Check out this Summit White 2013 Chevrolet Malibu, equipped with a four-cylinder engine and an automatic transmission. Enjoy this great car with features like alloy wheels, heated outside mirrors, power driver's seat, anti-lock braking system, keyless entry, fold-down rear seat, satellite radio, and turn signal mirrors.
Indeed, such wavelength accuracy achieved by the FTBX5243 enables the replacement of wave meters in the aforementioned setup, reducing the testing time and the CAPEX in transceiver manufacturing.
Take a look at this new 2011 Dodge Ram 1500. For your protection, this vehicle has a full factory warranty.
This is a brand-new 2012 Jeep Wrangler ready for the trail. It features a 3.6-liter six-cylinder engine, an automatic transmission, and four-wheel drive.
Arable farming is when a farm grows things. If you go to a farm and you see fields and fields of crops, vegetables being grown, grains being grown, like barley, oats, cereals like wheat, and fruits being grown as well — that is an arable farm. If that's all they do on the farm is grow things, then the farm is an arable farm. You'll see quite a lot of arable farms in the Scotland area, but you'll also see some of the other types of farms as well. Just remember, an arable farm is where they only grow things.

» Task requirements
Nothing before the line holding "Take a look" belongs in the answer. Repeat that line and the rest of the listing exactly.

» Answer to the exercise
Take a look at this new 2011 Dodge Ram 1500. For your protection, this vehicle has a full factory warranty.
This is a brand-new 2012 Jeep Wrangler ready for the trail. It features a 3.6-liter six-cylinder engine, an automatic transmission, and four-wheel drive.
Arable farming is when a farm grows things. If you go to a farm and you see fields and fields of crops, vegetables being grown, grains being grown, like barley, oats, cereals like wheat, and fruits being grown as well — that is an arable farm. If that's all they do on the farm is grow things, then the farm is an arable farm. You'll see quite a lot of arable farms in the Scotland area, but you'll also see some of the other types of farms as well. Just remember, an arable farm is where they only grow things.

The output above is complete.